The pull out method, also called withdrawal, involves removing the penis from the vagina before ejaculation to prevent sperm from reaching an egg. With perfect use every single time, it has a 4% failure rate in the first year. In real life, where timing isn’t always perfect, that number jumps to 22%, meaning roughly 1 in 5 couples relying on withdrawal will experience an unintended pregnancy within a year.
How to Do It Correctly
The technique itself is straightforward: when you feel ejaculation approaching, withdraw the penis completely from the vagina and make sure ejaculation happens well away from the vulva and vaginal opening. That’s the entire method. The challenge is doing it reliably every time, especially in the moment.
If you plan to have sex again shortly after, urinate and clean the tip of the penis first. This helps flush out residual sperm from the previous ejaculation that could otherwise be carried into the vagina during a second round. Skipping this step is one of the most common ways the method fails in practice.
Why Pre-Ejaculate Is a Real Risk
One of the biggest misconceptions about pulling out is that pregnancy can only happen if you mistime the withdrawal. Pre-ejaculate, the fluid released before orgasm, can contain live sperm. A study examining 40 samples from 27 men found that 41% of subjects had sperm in their pre-ejaculate, and in 37% of cases, a significant proportion of that sperm was actively motile, meaning capable of swimming toward an egg.

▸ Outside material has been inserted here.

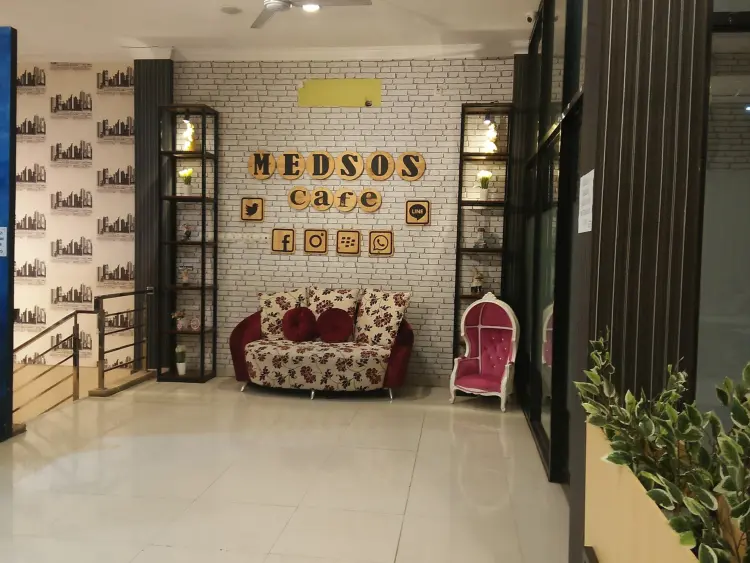 Medsos 2.0 Cafe & Resto 1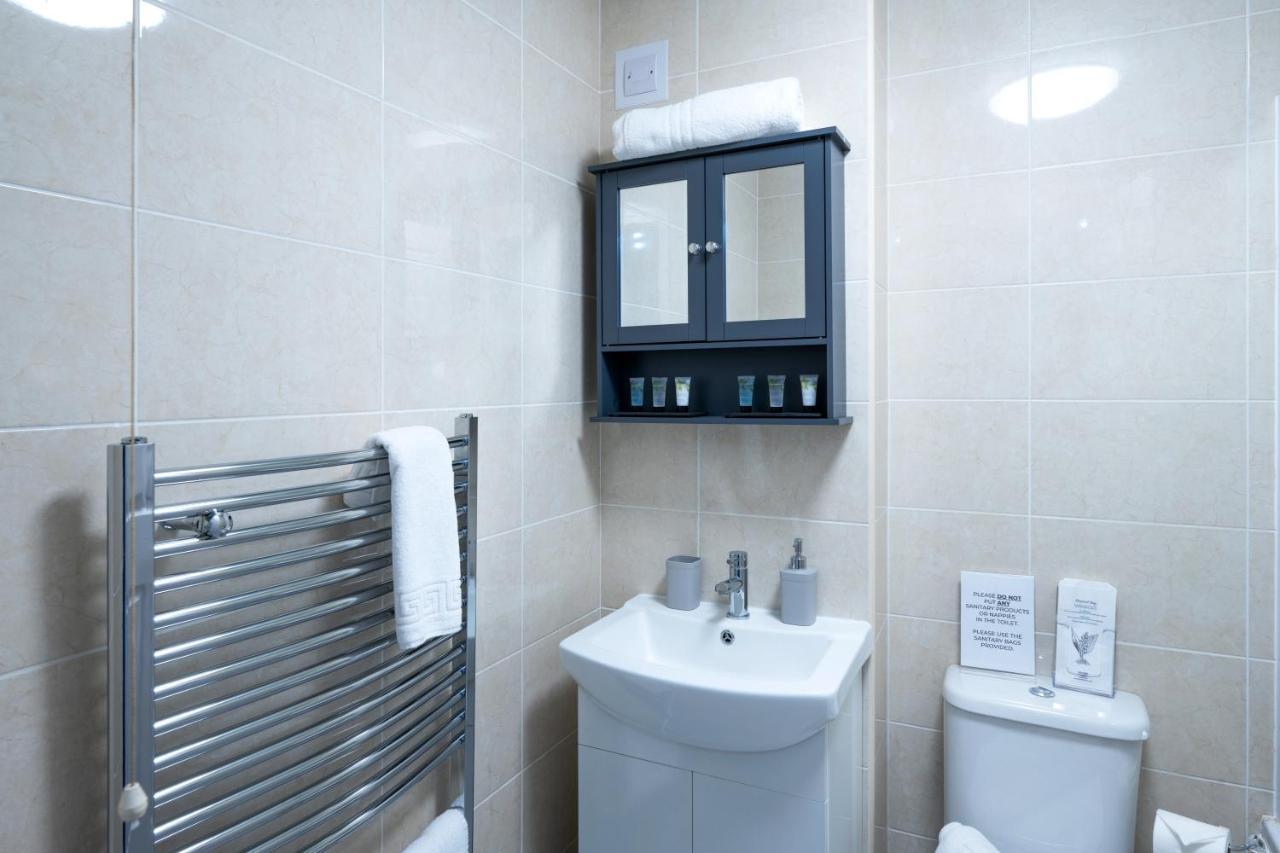 Yew Tree House Contractor / Family Home Free Netflix Fast Wifi Near Dudley/Birmingham Cradley Heath Ngoại thất bức ảnh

Interestingly, this wasn’t random. Every man who provided multiple samples either always had sperm in his pre-ejaculate or never did. It appears to be a consistent biological trait rather than something that varies from one encounter to the next. So some men carry a higher baseline risk with this method, and there’s no simple way to know which group you fall into. While sperm counts in pre-ejaculate were lower than in a full ejaculation (almost all samples contained fewer than 23 million sperm), even small numbers of motile sperm can lead to pregnancy.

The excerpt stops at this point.